As the owner of 147 lipsticks, 63 pigments 294 eyeshadows, the list goes on...(not bragging here, just making a point), I HAVE TO agree with you.   It's like an obsession and there is NO WAY I can use up what I already have in my entire life.  I think I buy entire collections just out of habit, meanwhile thinking this lipstick looks just like this or this eyeshadow is amost like that one.  So after reading this, you made me realize that there is no rule that says you have to buy the entire collection and 2 or 3 things will suffice.  Thanks for the reality check!


----------



## AudreyNicole (Apr 14, 2008)

*Re: How much is too much?*

Quote:

   Originally Posted by *makeupgal* 

 
_As the owner of 147 lipsticks, 63 pigments 294 eyeshadows, the list goes on...(not bragging here, just making a point), I HAVE TO agree with you.   It's like an obsession and there is NO WAY I can use up what I already have in my entire life.  I think I buy entire collections just out of habit, meanwhile thinking this lipstick looks just like this or this eyeshadow is amost like that one.  So after reading this, you made me realize that there is no rule that says you have to buy the entire collection and 2 or 3 things will suffice.  Thanks for the reality check!_

 
I blame it all on those great girls at International Mall!  It's THEIR fault!


----------



## makeba (Apr 14, 2008)

*Re: How much is too much?*

when i first developed an interest in MAC i was so overwhelmed and excited that i felt i needed everything. I have a pretty good collection now; but still desire to have more. But I now realize that all collections do not fit my skin tone or color choice and heatherette is one of them. So now i just skim through the collections that come out and if something fits i get it and if it doesnt i move onto the next collection. Now naughty nauticals interest me a lot becuz blue is my favorite color so i will be checking out this collection for sure.


----------



## Susanne (Apr 14, 2008)

*Re: How much is too much?*

Quote:

   Originally Posted by *AudreyNicole* 

 
_I know what you mean about lipglass... All that I have, I never wear alone, just over lipstick, so they all DO look the same...  I have promised myself, after Naughty Nauticals, NO more lipstick or lipglass until I use up some of what I have (I won't even tempt myself by swatching them) . I am caving with Naughty Nauticals only because they are lustreglass, and I prefer them 
	

	
	
		
		

		
			



_

 

Oh, LOL, I wear my lipglasses alone every day. So I use a lot of them. No reason for me to stop buying new ones


----------



## peacelover18 (Apr 14, 2008)

*Re: How much is too much?*

You know, I agree a lot of it is about the hype. I think it would be a good idea to start a "Cut Through the Hype" thread, where we can talk about what items in the collections are must-haves, what items are terrible, what items can be duped (I realize we can do that in the individual collections threads, but those kind of posts seem to always be overwhelmed with posts like "I'm so excited!!!! I'm going to buy everything!!!!")


----------



## Susanne (Apr 14, 2008)

*Re: How much is too much?*

Quote:

   Originally Posted by *makeupgal* 

 
_As the owner of 147 lipsticks, 63 pigments 294 eyeshadows, the list goes on...(not bragging here, just making a point), I HAVE TO agree with you.   It's like an obsession and there is NO WAY I can use up what I already have in my entire life._

 
Oh wow 
	

	
	
		
		

		
		
	


	




  This is great.


----------



## quizshow (Apr 14, 2008)

*Re: How much is too much?*

Quote:

   Originally Posted by *Sanayhs* 

 
_I've really just gone crazy with MAC since about when Fafi hit, even though I've added the occasional eyeshadow here and there since 2004. It's kind of scary how much I've gotten in the last couple months, actually. That being said, I"m working on building a collection that makes me happy in the fact that I feel it is fairly complete. I usually try to avoid colours that are super close to each other. There is really not a colour or texture out there I won't play with, so it means that my idea of complete is pretty broad. 

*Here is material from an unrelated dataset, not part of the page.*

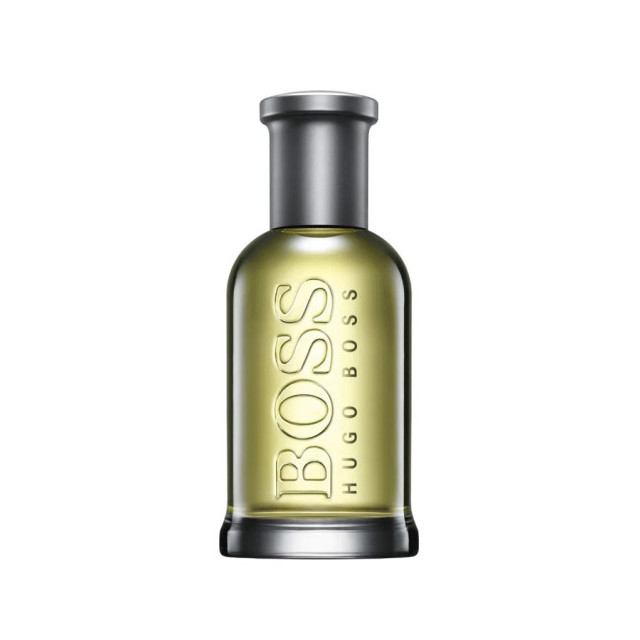 Immagine del profumo Boss Bottled di Hugo Boss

I feel it would be too much if I had things I didn't use. This includes backups, of which I have four: an extra royal hue shadestick, an extra corn shadestick, an extra mangomix shadestick and an extra emote blush. They are things that I know I love and will use, and that I find there really isn't something satisfactorily similar. I use emote daily, for example.

I think I'm going to preset a limit on things, such as 60 eyeshadows, 6 cremeblushes, 12 powder blushes... That way, I know it won't get too out of hand. I also keep a detailed excel database of all my MAC products, so I know exactly what I have._

 
I just got started with Fafi as well.  I'm trying to build slowly though, trying out recommended colors and finishes, deciding that I hate lustre l/s, etc.  But I've gotten a little carried away in hunting down past LE items.  I figure I can take my time on the perm stuff, but things like red romp l/g must be found--which I did, and for pretty ra easonable price!!


----------



## Sanayhs (Apr 14, 2008)

*Re: How much is too much?*

I told myself a while ago that I am absolutely not allowed to buy any more MAC lipglasses. I love them and still lust after some, particularly the 3D glasses (which my store still has a bunch of!), but no. There are MUCH cheaper lipglosses out there that work just fine, and lipgloss in general doesn't end up lasting for too long on my lips, so I usually prefer to stick to lipstick. My lips drink up anything I put on them, so I end up with sticky lips with a bit of shimmer or colour, depending on the gloss. Sexy, no? Sometimes it's hard when I see a really gorgeous colour, but then I realise I really don't need that many lipglosses - and how many other things I can get with the money I saved by buying cheaper stuff.

 Quote:

  I just got started with Fafi as well. I'm trying to build slowly though, trying out recommended colors and finishes, deciding that I hate lustre l/s, etc. But I've gotten a little carried away in hunting down past LE items. I figure I can take my time on the perm stuff, but things like red romp l/g must be found--which I did, and for pretty ra easonable price!!  
 
Hunting down past LE items has been kind of vicious on my wallet. For example, I have purchased all of the C-Shock shadows except for Going Bananas (couldn't find it for sale, having nothing to trade) and Passionate, nine different MSFs, some holiday pigment sets (I ADORE forest green pigment)... Oh, and the biggest one: every single discontinued/limited edition fluidline out there. I'm waiting for one in the mail, and once it gets here I think I'll have them all. There's still plenty of past LE I adore and lust after, but I figure I should be good now. 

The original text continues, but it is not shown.